PCRave: Apple’s Steve Jobs has stated that NVIDIA GeForce3 will be available in their made to order iMac systems as well as the GeForce2 MX. The Macintosh market has traditionally been a niche market in terms of number of units sold when compared to PCs. The majority of graphics card sales are driven by gamers, hardware enthusiasts, and OEM design wins. With Apple’s closed architecture and weak gaming market, how will NVIDIA compete against an already well-established ATI in this space?

Mike Hara: The essence of the Macintosh is a rich, multimedia user experience. In fact, Apple’s and NVIDIA’s visions are very much aligned. We are both dedicated and driven to deliver rich, multimedia experiences on computing platforms. We are working hard to develop products that exemplify the Apple vision. Apple is dedicated to deliver this at every price point, for every form factor. NVIDIA is the only company capable of doing this today for Apple. More importantly, the Macintosh market is demanding NVIDIA graphics. At both the San Francisco and Tokyo MacWorlds, Steve’s introduction of the GeForce2 MX and GeForce3 were met with standing ovations.
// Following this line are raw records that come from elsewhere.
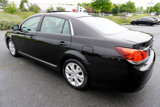 Used 2011 Toyota Avalon Limited image 5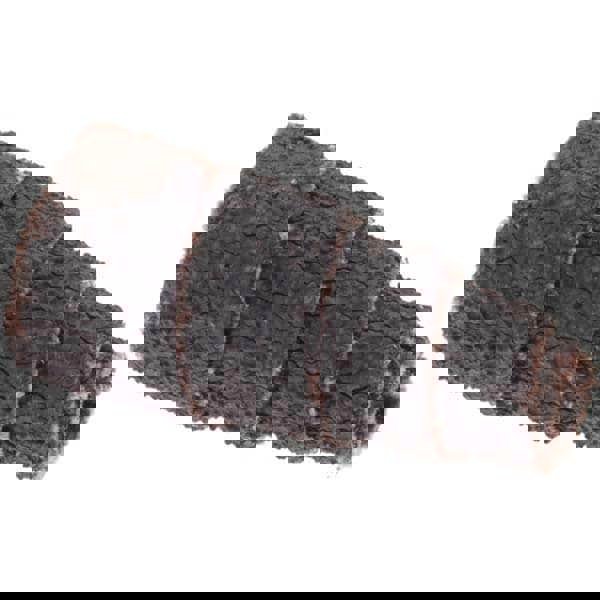 Full Taper Cartridge Roll: 1/2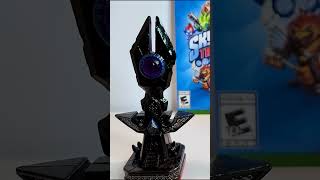 Reviewing Every Skylanders Trap Team Adventure Pack [upl. by Nwadahs]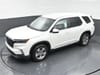 28 thumbnail image of  2025 Honda Pilot EX-L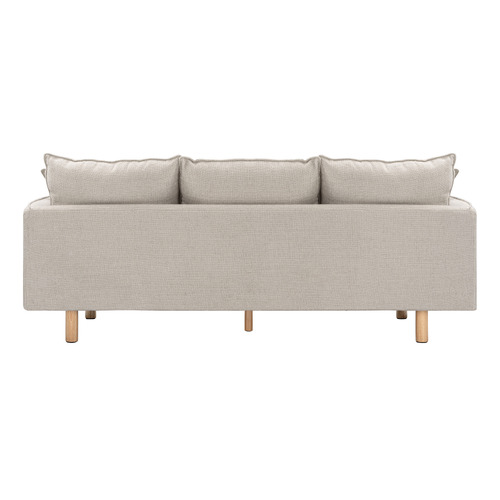 Noah-3-Seater-Slipcover-Chenille-Sofa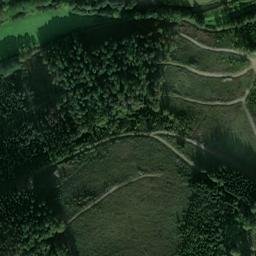 Satellite imagery of Roßnacken, DE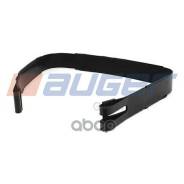    Auger . 86947 
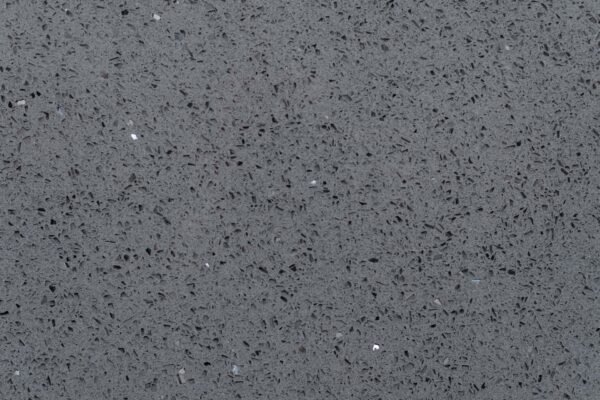 Horizon-Stone-Galaxy-Grey-imperialworktops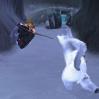 The_Golden_Compass_-_Leipzig-PS2,_PSP,_PS3,_DS,_WiiScreenshots9541X360 North Witch_04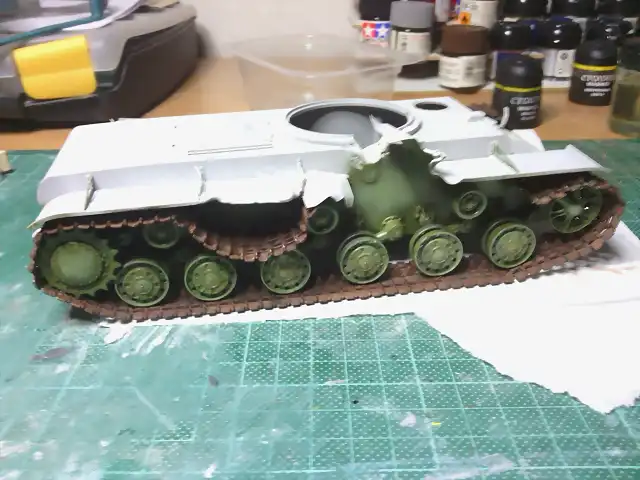 KV90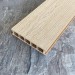 Террасная доска из ДПК  Latitudo Euro 139х27 Натур купить в Юрьев-Польском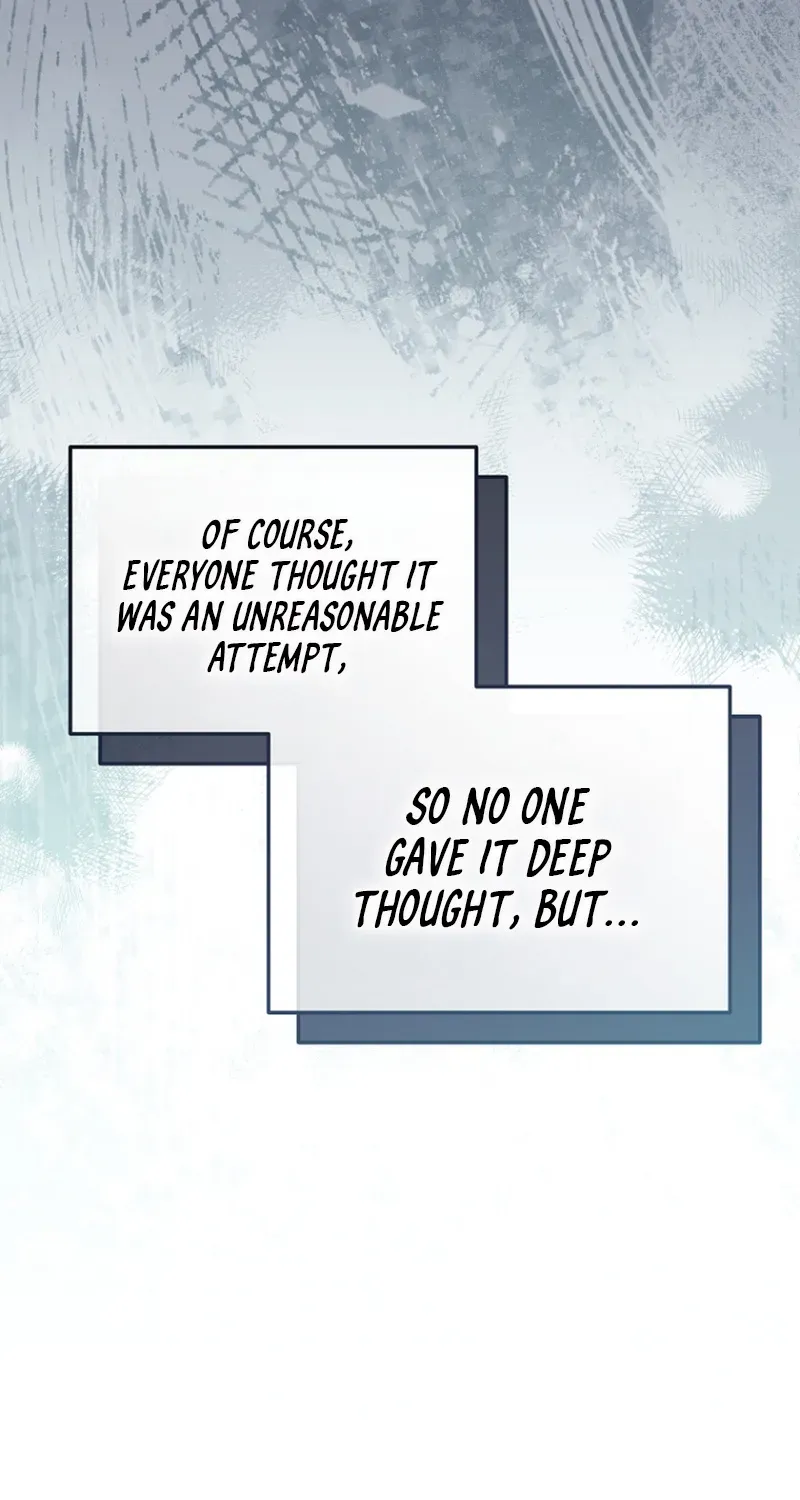 The Thousand-Faced Actor Chapter 38 page 43 - 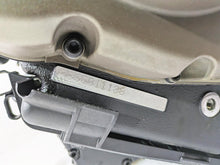 Load image into Gallery viewer, 2016 Ducati Monster 1200 S Running Engine Motor 7K -Video 225Z0033A
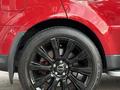 Land Rover Range Rover Sport 2012 годаүшін12 000 000 тг. в Алматы – фото 18
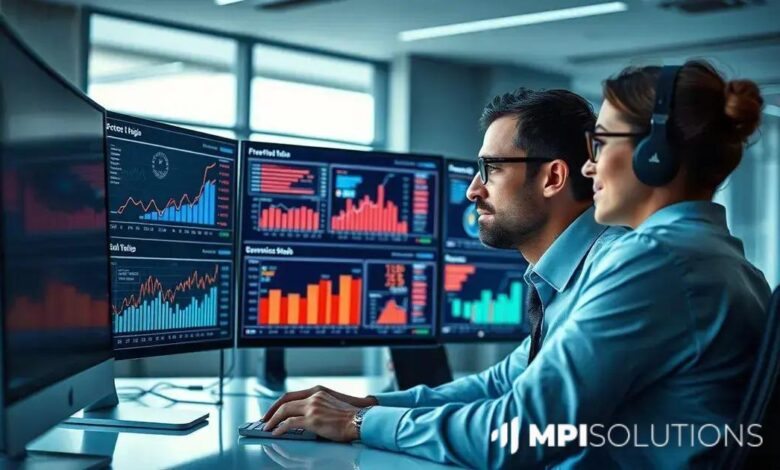 Como evitar armadilhas que sabotam o sucesso em PPC em 2025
PCRave: NVIDIA has developed many new products such as the GeForce2 MX 200/400, the GeForce2 Go, the Quadro2 EX, the Quadro DCC, and the GeForce3. The strategy seems to be that NVIDIA is entering new markets at price points that may better appeal to the market. With so many new products introduced into the market, there seems to be a gradation between them as the products overlap in features and price. I find it increasingly harder to differentiate between them. What steps are NVIDIA taking to educate the buyer and the retail sector the benefits of each NVIDIA product and to also ensure that there is an apparent clear-cut solution that each product provides?

Mike Hara: First, we are establishing high-level brands that are targeted at specific markets and audiences. For example, our Quadro products are designed for the workstation professional. Second, we are establishing sub-level brands that distinguish technological features and performance. For example, the GeForce2 Go communicates the GeForce2 architecture for mobile products. MX is our midrange for desktops. Even though we have a large product portfolio, we really have two main franchises, the GeForce for consumers and Quadro for design professionals.

PCRave: NVIDIA is providing new unique solutions for digital content creators. For example, NVIDIA’s Quadro DCC integrates well into Discreet’s 3DStudioMax by providing real-time shader effects. Print graphics such as real-time 2D filter acceleration could benefit content creators. What is the potential for this growing content creation market?

Mike Hara: The potential is there. Today, however, the pixel affects used in applications like Adobe Photoshop require much higher precision and samples than what our GPUs can process in real time today. The content creation market is strategically important to NVIDIA. We are diligently working with the software industry to define next generation rendering capabilities and ultimately take content to never-seen-before levels.